Analysis and review provided by Chula Vista Property line attorney.
[1] Gilroys quantified objectives dont expressly state this. But they do imply it because the unmet regional housing needs are what are quantified against the total number of units possible. The housing goals are stated in only general narrative terms and not in terms of quantified numbers. These goals include to incorporate [e]ffective programs that respond to residents housing needs . . . . The policies are also stated in narrative and not quantified terms and they include the policy to establish relationships, continue participation in Countywide housing assistance programs, and collaborate with other public agencies and non-profit housing sponsors in the use of available programs to provide lower-cost housing in Gilroy. As to the legal obligation of a locality to meet its stated housing needs and quantified objectives, we note [that] identified housing needs, like quantified objectives, are simply goals, not mandated acts. [Citation.] (Hoffmaster, supra, 55 Cal.App.4th at p. 1109, fn. 7.)
[2] These include those vacant acres already zoned and those to be rezoned through Action 1.A of the Draft General Plan and implementation of the Neighborhood Districts land use designation (based on the minimum percent mix identified in the Draft General Plan). (See Housing Background Report, Table 7-1, p. 28.)
[3] Here we assume in plaintiffs favor that such need could only be accommodated by acreage to be zoned R4.
[4] The requirements of this former subdivision have been restated and subsumed in current subdivision (c)(1)(A) and section 65583.2, subdivisions (h) and (i).
[5] Use by right meant that the use [did] not require a conditional use permit, except when the proposed project [was] a mixed-use project involving both commercial or industrial uses and residential uses. (Former 65583, subd. (c)(1)(A)(ii)(B); see now 65583.2, subd. (i).)

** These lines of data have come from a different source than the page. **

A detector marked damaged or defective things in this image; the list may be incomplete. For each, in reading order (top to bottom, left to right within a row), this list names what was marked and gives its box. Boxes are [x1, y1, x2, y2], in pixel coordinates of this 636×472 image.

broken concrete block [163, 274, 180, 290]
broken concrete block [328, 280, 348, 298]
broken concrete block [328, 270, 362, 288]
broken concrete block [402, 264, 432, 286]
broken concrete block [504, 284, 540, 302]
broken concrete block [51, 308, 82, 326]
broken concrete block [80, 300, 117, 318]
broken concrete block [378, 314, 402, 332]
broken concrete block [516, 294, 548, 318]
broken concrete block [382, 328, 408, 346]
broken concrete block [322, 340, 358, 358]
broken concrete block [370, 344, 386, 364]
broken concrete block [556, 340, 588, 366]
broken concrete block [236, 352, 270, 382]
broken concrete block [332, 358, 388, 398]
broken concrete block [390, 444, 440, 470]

[6] Appropriate standards means densities and requirements with respect to minimum floor areas, building setbacks, rear and side yards, parking, the percentage of a lot that may be occupied by a structure, amenities, and other requirements imposed on residential lots pursuant to the zoning authority which contribute significantly to the economic feasibility of producing housing at the lowest possible cost given economic and environmental factors, the public health and safety, and the need to facilitate the development of housing affordable to persons and families of low or moderate income, as defined in Section 50093 of the Health and Safety Code, and to persons and families of lower income, as defined in Section 50079.5 of the Health and Safety Code. ( 65913.1, subd. (a)(1).)
[7] We decline to consider the document offered in this court by plaintiffs relative to Gilroys Ordinance Number 2003-5, which was included in one of their motions for judicial notice. The document was not before the trial court and we will accordingly disregard it.